XIV
SIETE
AÑOS DE WHISKY
(PARTE II)
¿Tú sabes como a veces, en esta
vida, las cosas crecen más allá de todo control, o por lo menos más allá de lo
que se había planeado?, como las raíces de un árbol que rompen el concreto de
las calles y las banquetas, las paredes de las casas, o la grandeza de un ídolo,
una gotera que cae sobre la estatua de un héroe, y convierte una grieta en un
abismo, con el paso del tiempo, si no se le detiene… O una simple rutina, un
hábito, un pequeño vicio, que se siembra como una semilla mágica en el patio
trasero del cerebro, cuando se es muy joven, y de pronto, algunos años después,
tenemos una plaga espiritual, una epidemia psíquica familiar, una enredadera
ponzoñosa y antropófaga que se apodera de toda la edificación de un supuesto
ser humano, hasta que ni el amor, ni el oro o los aplausos y demás placeres
mundanos son capaces de devolver a un hombre a la cordura; Y entonces la
demencia anida en su alma, como una madre cuervo, que encuentra desesperadamente
un lugar para criar a sus herederos, en la tormenta de los tiempos, devorando
los recuerdos de quien, alguna vez, fuera el líder de la manada, el hombre de
la casa, el padre de familia, el gran escritor, mi padre, José Agustín. Yo
supongo que, para estas alturas, ya todos saben que sí, otra vez, estoy aquí escribiendo
sobre mi jefe, cobijado solamente por la luz de una vela intergaláctica, para
tratar de verter fuego escrito sobre los malditos eventos que tuvieron lugar en
nuestra vida, tras su fatídico accidente, casi mortal, cuando fue orillado
hacia el vacío y cayó hasta el fondo del escenario, en un teatro repleto de sus
admiradores, en la ciudad de Puebla.
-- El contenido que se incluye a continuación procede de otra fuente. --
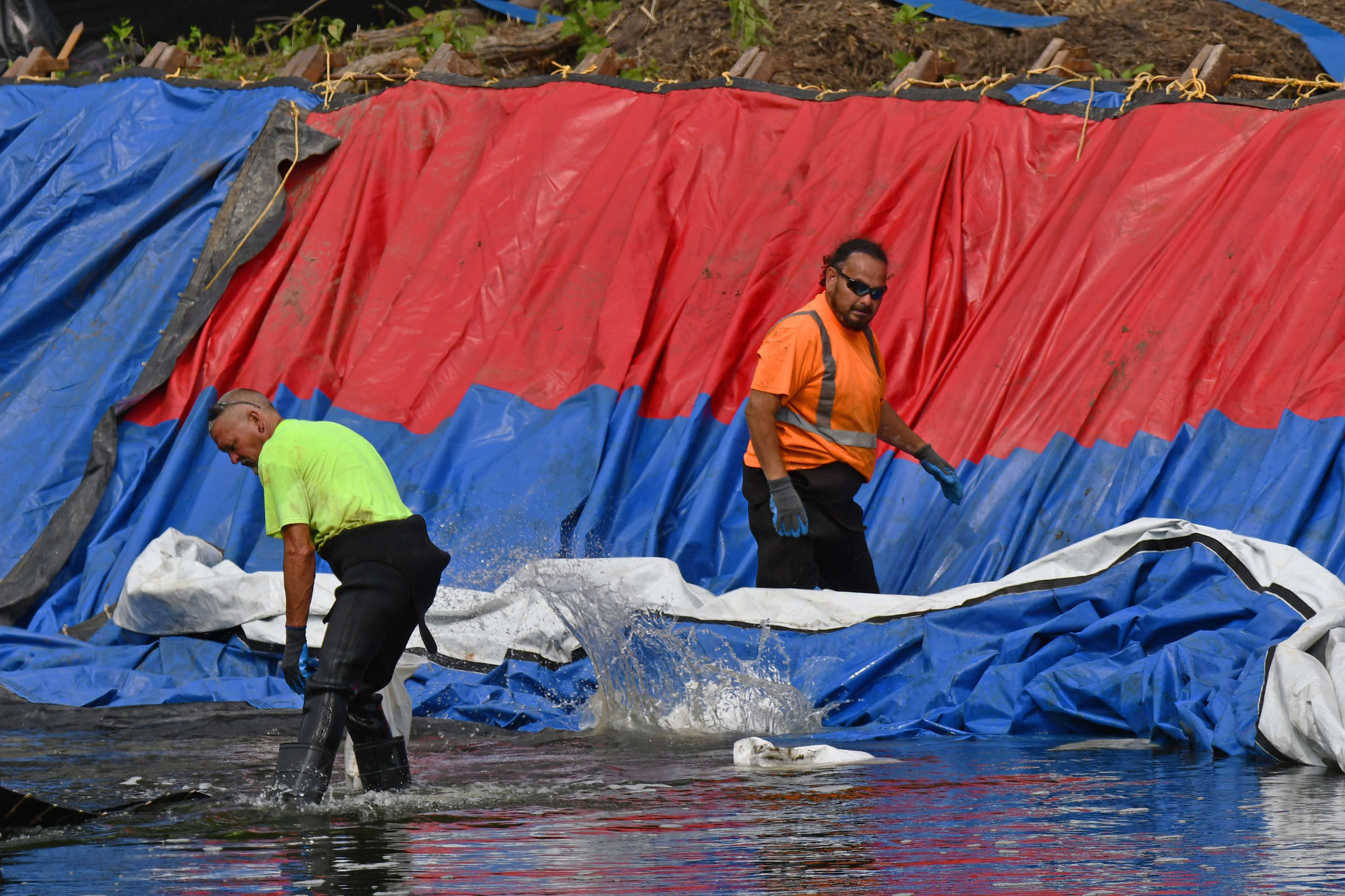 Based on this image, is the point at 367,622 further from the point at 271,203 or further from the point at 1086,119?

Y fue así como, a los sesenta y cinco años
de edad, esa caída le robó el don de la escritura, con el cual sacó adelante a
su familia durante años, deslumbró a sus simpatizantes y demás detractores, y
trató de educarnos, al menos a mis dos hermanos, a mi madre y a mí, además de cientos
de sus simpatizantes, y lo hizo todo muy a su pesar, manteniendo firmemente su
camino, intransigente y megalómano como todos los grandes mutantes de la
historia, contra la corriente de un mundo demencial.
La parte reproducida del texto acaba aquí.